Graph-Native Attack Path Queries

Reference for migrating cmd/server/attackpath.go heuristics to Gremlin traversals over the Security Graph (ADR-020). Each section maps a current Go function to its graph-native equivalent.

Current Repo Status (2026-03-31)

computeAttackPaths now uses bounded in-memory BFS over findings whose resources are explicitly connected in graph_edges whenever startup successfully loads adjacency. The old co-location heuristic remains only as a fallback when adjacency is unavailable. Direct structured graph query / Gremlin execution is still a future execution backend, not the current runtime path.

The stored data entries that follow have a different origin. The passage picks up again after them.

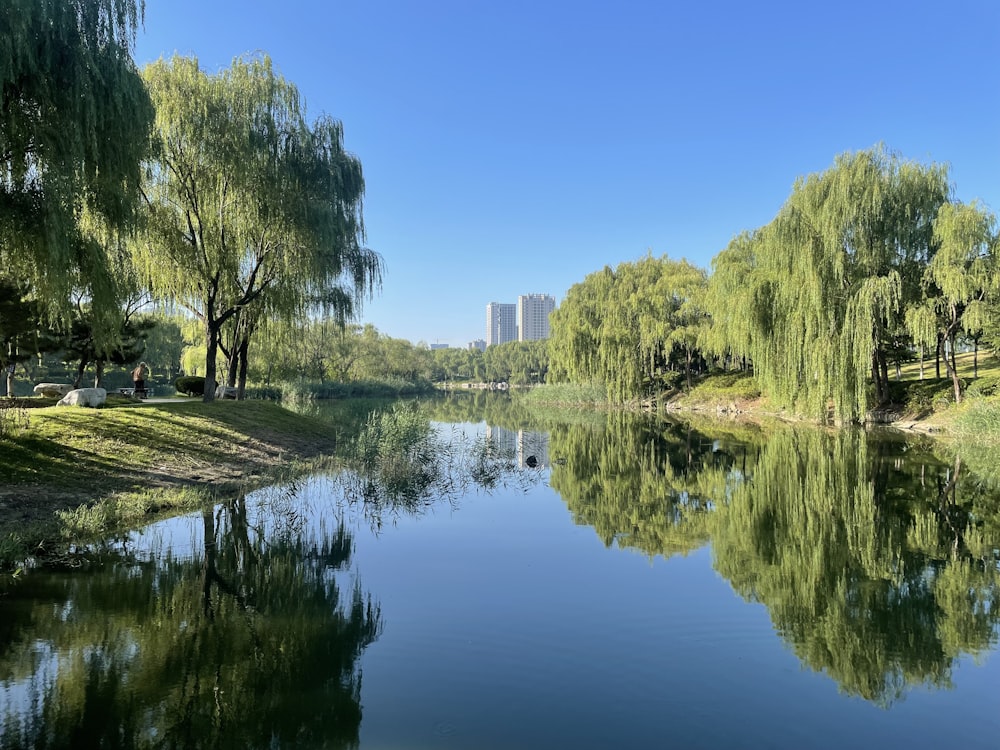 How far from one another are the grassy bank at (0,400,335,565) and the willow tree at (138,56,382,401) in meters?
3.30

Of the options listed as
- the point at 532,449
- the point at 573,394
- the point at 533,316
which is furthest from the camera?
the point at 533,316

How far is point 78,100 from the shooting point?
26.5 feet

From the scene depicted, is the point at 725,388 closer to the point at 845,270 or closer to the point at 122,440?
the point at 845,270

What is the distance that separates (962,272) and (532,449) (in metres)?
14.7

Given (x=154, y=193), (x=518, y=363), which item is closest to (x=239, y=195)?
(x=154, y=193)

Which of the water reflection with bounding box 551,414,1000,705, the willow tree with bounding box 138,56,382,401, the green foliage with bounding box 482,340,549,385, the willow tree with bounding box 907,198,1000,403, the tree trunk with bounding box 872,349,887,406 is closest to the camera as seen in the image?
the water reflection with bounding box 551,414,1000,705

Current Architecture (Heuristic BFS)

computeAttackPaths(findings)
  → byAccount (group by account_id)
  → classify: isEntryPoint / isTarget / intermediate
  → buildChain(entry, intermediates, target)
  → lateral movement (CRIT/HIGH pairs, same account)
  → AI enrichment (top-10 via Opus, rest via Sonnet)

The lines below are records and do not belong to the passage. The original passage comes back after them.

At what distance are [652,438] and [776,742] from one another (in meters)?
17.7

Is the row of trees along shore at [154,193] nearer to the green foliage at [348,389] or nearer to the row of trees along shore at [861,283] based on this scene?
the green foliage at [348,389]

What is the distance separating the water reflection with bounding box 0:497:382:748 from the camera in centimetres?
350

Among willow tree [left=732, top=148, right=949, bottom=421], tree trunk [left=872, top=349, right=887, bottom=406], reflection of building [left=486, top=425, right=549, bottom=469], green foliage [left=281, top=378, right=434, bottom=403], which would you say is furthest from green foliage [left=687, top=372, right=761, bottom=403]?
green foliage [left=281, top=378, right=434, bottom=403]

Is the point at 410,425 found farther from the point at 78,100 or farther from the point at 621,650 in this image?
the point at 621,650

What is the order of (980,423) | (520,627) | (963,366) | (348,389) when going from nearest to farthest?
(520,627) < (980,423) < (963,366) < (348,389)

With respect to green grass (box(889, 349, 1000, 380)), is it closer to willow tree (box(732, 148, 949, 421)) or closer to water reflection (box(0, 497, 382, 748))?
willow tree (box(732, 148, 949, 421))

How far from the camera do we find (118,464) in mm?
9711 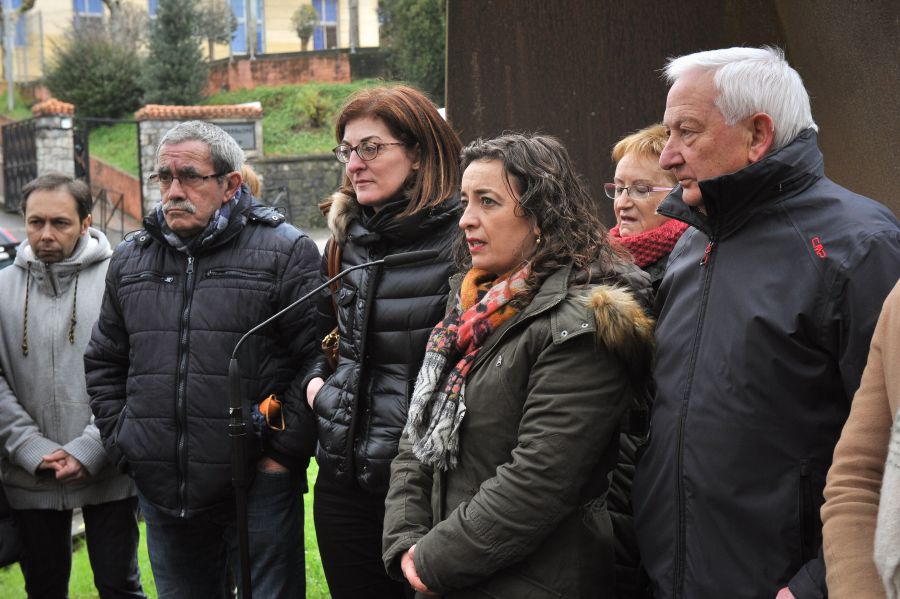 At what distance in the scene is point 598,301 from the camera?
7.75 feet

Edges are inferred from co-location: canConnect(a, b) returns true when a.AccountID == b.AccountID && (a.Region == b.Region || a.ResourceType == b.ResourceType).

Graph-Native Architecture (Gremlin Traversals)

Edges are explicit in the graph_edges table. PuppyGraph projects them as native Gremlin edges. No co-location inference needed.

1. Find Entry Points

Current: isEntryPoint(f) — category=NETWORK, VULNERABILITY+exploit, or compute/container/serverless CRIT/HIGH.

Gremlin:

// Internet-exposed or exploitable findings
g.V().hasLabel('finding').or(
    has('category', 'NETWORK'),
    and(has('category', 'VULNERABILITY'), has('exploit_available', true))
).as('entry')

2. Find Targets (Sensitive Resources)

Current: isTarget(f) — resource_type in (storage, database, secret, encryption).

Gremlin:

// Data-bearing resources
g.V().hasLabel('resource').has('type', within(
    'storage', 'database', 'secret', 'encryption'
)).as('target')

3. Compute Attack Paths (Entry → Target)

Current: buildChain(entry, intermediates, target) — direct or 1-intermediate bridge via canConnect().

Gremlin (explicit edges):

// Find all paths from entry-point findings to sensitive resources
// Uses explicit same_region/same_account/accesses edges instead of heuristic
g.V().hasLabel('finding').or(
    has('category', 'NETWORK'),
    and(has('category', 'VULNERABILITY'), has('exploit_available', true))
).out('affects')                               // finding → entry resource
  .repeat(
    out('same_region', 'same_account', 'accesses', 'exposes')
    .simplePath()
  )
  .until(has('type', within('storage', 'database', 'secret', 'encryption')))
  .times(4)                                     // max 4 hops (ADR-008)
  .path()
  .limit(100)

4. Lateral Movement Paths

Current: CRIT/HIGH finding pairs in the same account that can connect.

Gremlin:

// CRIT/HIGH findings whose resources share account or region edges
g.V().hasLabel('finding')
  .has('severity', within('CRITICAL', 'HIGH'))
  .out('affects')
  .out('same_account')
  .in('affects')
  .has('severity', within('CRITICAL', 'HIGH'))
  .simplePath()
  .path()
  .limit(50)

5. Blast Radius (from an Issue)

Current: Count of findings in the attack path chain.

Gremlin:

// Count all resources reachable from an issue's affected resource
g.V('ISS-00042').hasLabel('issue')
  .out('materializes_to')               // issue → finding
  .out('affects')                        // finding → resource
  .out('same_region', 'accesses', 'depends_on')
  .dedup()
  .count()

6. Control Violation Chains

New query — not possible with heuristic engine:

// Find resources that fail a specific control AND are reachable from
// an internet-exposed entry point
g.V('CIS-AWS-2.1.1').hasLabel('control')
  .in('evaluated_by')                    // resources evaluated by this control
  .where(
    __.in('affects')                     // findings that affect these resources
      .has('status', 'FAIL')
  )
  .as('vulnerable_resource')
  .in('affects')
  .in('same_region')                     // walk back to entry-point resources
  .in('affects')
  .has('category', 'NETWORK')
  .select('vulnerable_resource')
  .dedup()
  .valueMap('name', 'type', 'region')

7. Issue Impact Graph (Cypher alternative)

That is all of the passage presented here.